If that wasn't judicial review, what was it?

You libruls can't have it both ways.. You either support the essence of liberty or not.. Which is it? Leave people the hell alone.. stop forcing your fucking opinion and beliefs on them. Whether the right to own weapons, or marriage..Damn, it's not rocket science.

I don't disagree with the ruling on the Chicago law, nor do I selectively support or oppose the right of the Supreme Court to interpret the law.

There's yet to be one conservative in this thread who's been that consistent.

They won't even speak on the gun law ruling here, because they know that makes the rest of their points garbage.
 
Even if we take same sex marraige off the table it is possible to be married in one state and not married in another, why should same sex marraige be exempted from the confusion?

In what instance is a marriage license issued in one state not recognized by another state?

In what place did I use the word license?

Implicitly, when you responded to his post where 'legal marriage' was specified.
 
The 10th amendment only allows states to make laws that are constitutional,

i.e., 'not prohibited by IT to the states', the 'it' in the 10th amendment being the Constitution.

Unconstitutional laws are determined so by the Supreme Court, therefore,

States can only make laws that pass muster with the SCOTUS, if they are appealed to the SCOTUS.

Damn, you insist on repeating stupid, don't you?

The 10th Amendment does not prevent the states from doing anything.

The powers not delegated to the United States by the Constitution, nor prohibited by it to the States, are reserved to the States respectively, or to the people.

The 10th clearly limits the the United States itself, not the states.
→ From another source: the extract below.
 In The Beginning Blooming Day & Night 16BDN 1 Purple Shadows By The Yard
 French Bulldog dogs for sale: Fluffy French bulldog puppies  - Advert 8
It has nothing to do with the states not being able to write a law that is unconstitutional.

Yes, states "can" pass laws that violate the Constitution...but when they do, they get challenged.

You should read what I said before you try getting snarky with me.
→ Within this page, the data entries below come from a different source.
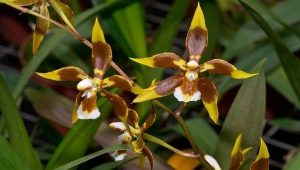 Orchidej Odontoglossum: popis a péče doma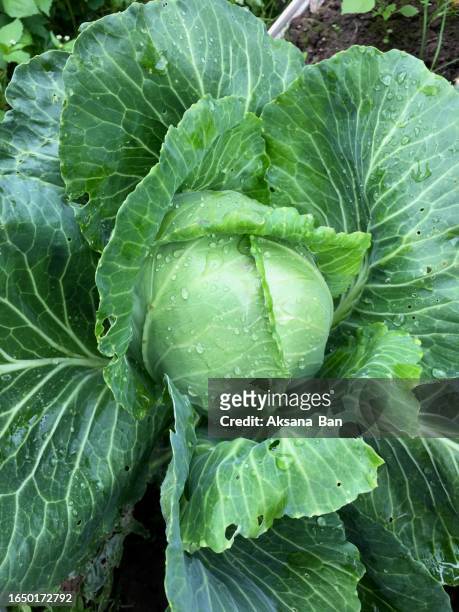 cabbage growing in open ground. top view - cabbage leafs stock-fotos und bilder
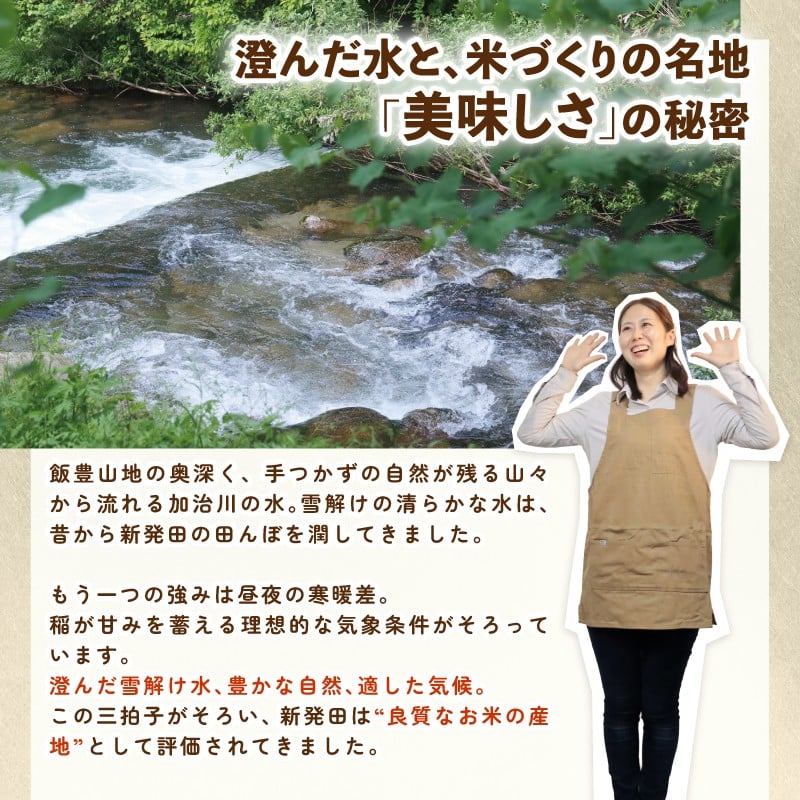【定期便】令和7年産 新潟県産 コシヒカリ 5㎏×3か月 新潟県 新潟産 定期便 新潟米 新発田産 新発田 お米 米 そうえん米コシヒカリ 5kg 15kg 3か月 定期便 数量限定 とんとん市場 せいだ 新潟県 新発田市 D38_04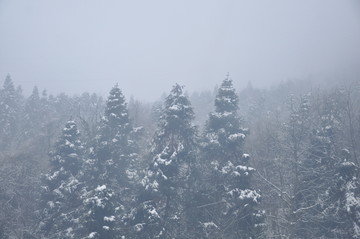 西岭雪山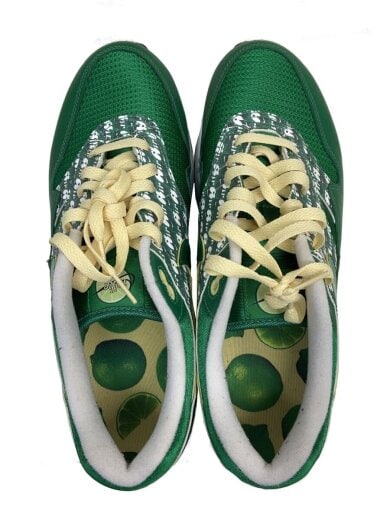 商品画像：AIR MAX 1 PREMIUM_エアマックス 1 プレミアム/28cm/GRN// 3
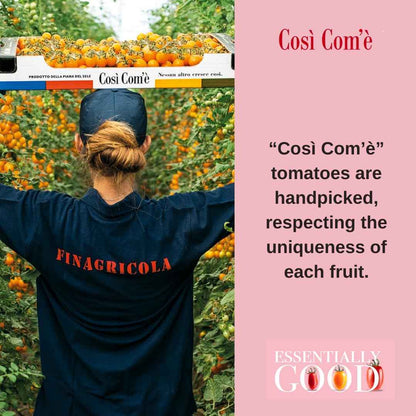 Così Com’è Datterino Red Tomatoes – Unpeeled in Water, 12.3 oz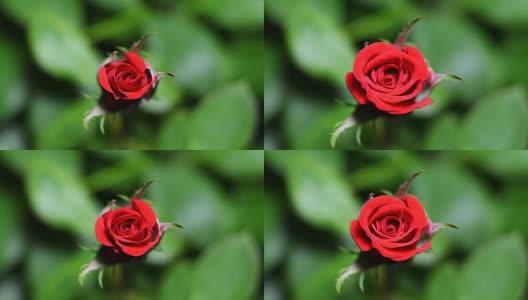 红玫瑰绽放时间间隔4k高清在线视频素材下载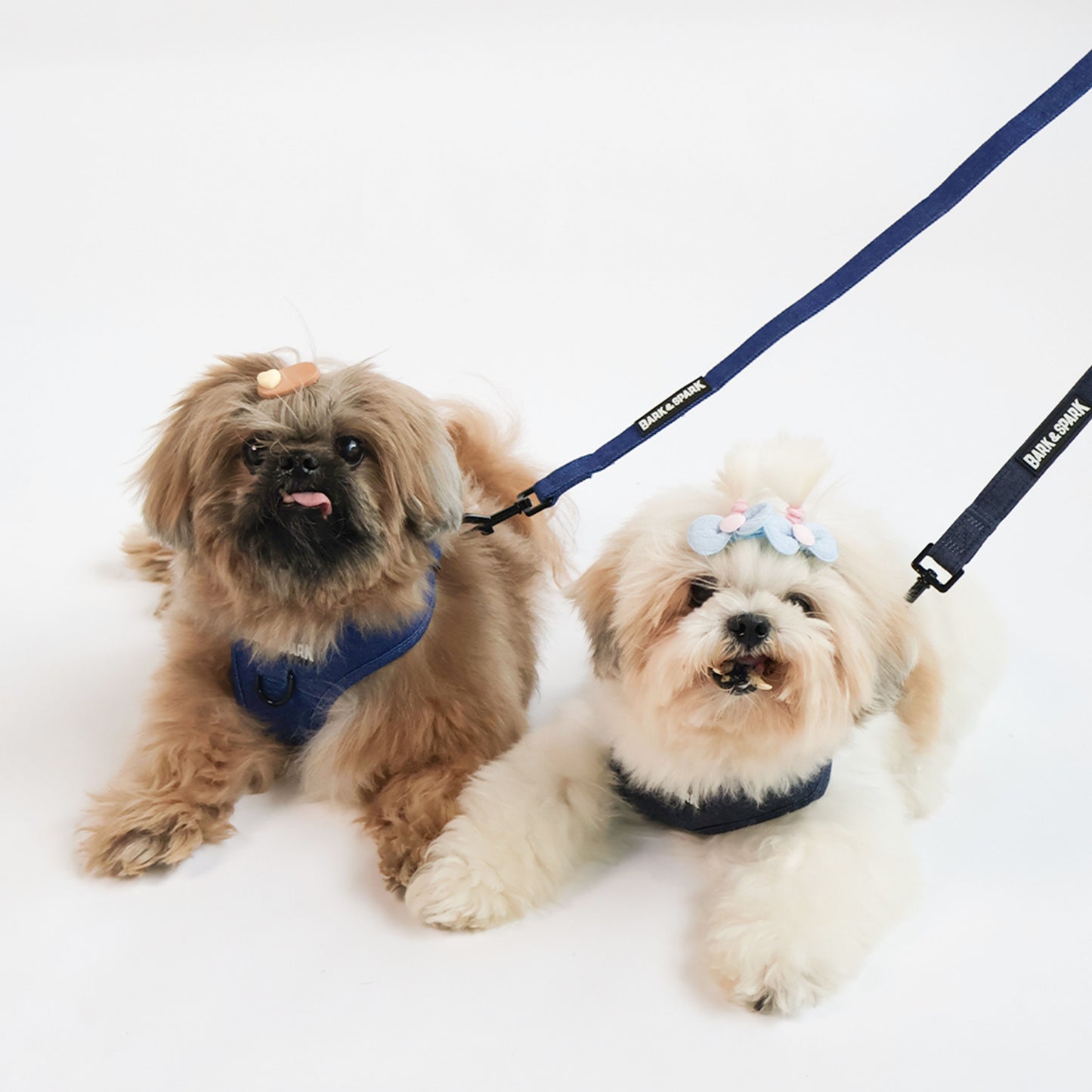 Dog Leash - Black Denim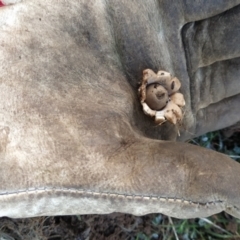 Geastrum sp. at Fadden, ACT - 20 Jun 2023 07:43 AM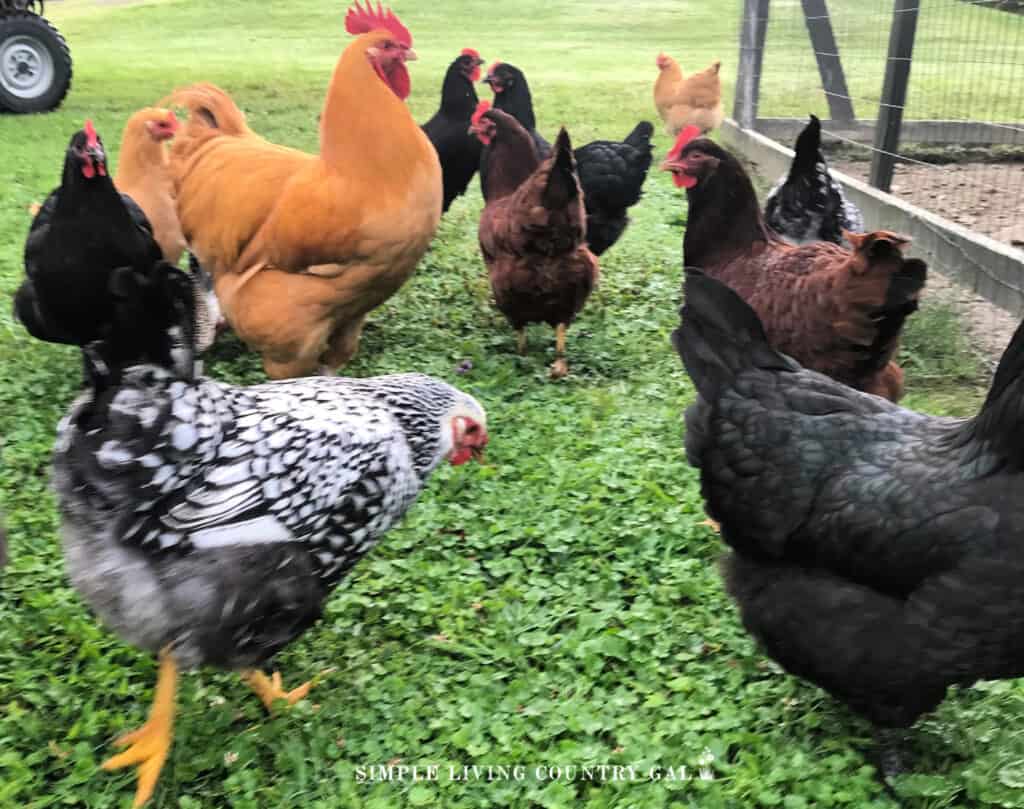 chickens free ranging in a backyard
It would be really simple to prove me wrong, all you have to do is find a single example of any state law being overturned as the result of a 1oth Amendment challenge. I will state right now that not only will you not find any such example, you won't even find an example of a state law being challenged on 10th Amendment grounds.
 
The 10th amendment only allows states to make laws that are constitutional,

i.e., 'not prohibited by IT to the states', the 'it' in the 10th amendment being the Constitution.
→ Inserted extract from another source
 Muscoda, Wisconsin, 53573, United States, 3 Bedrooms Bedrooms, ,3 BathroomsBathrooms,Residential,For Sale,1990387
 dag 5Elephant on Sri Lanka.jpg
Unconstitutional laws are determined so by the Supreme Court, therefore,

States can only make laws that pass muster with the SCOTUS, if they are appealed to the SCOTUS.

Damn, you insist on repeating stupid, don't you?

The 10th Amendment does not prevent the states from doing anything.

The powers not delegated to the United States by the Constitution, nor prohibited by it to the States, are reserved to the States respectively, or to the people.

The 10th clearly limits the the United States itself, not the states. It has nothing to do with the states not being able to write a law that is unconstitutional.

"nor prohibited by it to the States"

What do you think that means?
 
In the issue of same sex marriage licenses.
Just like the issue of handgun carry permits.

Pay fucking attention. Quantum is making the claim of an instance other than legal same sex marriage.

I was responding to your moronic post.
But he is right. A mixed race marriage could be recognized in one state but not in another. The only reason that isn't the case is because of equal protection/civil rights. But the notion of states being sovereign would still hold true.

Marriage licenses issued in one state are good in all states, with one exception..."the gays". That is not the case for interracial or 1st cousin marriages.
 
BOTH "liberal" and "conservative" Justices are STATE SUPREMACIST scumbags.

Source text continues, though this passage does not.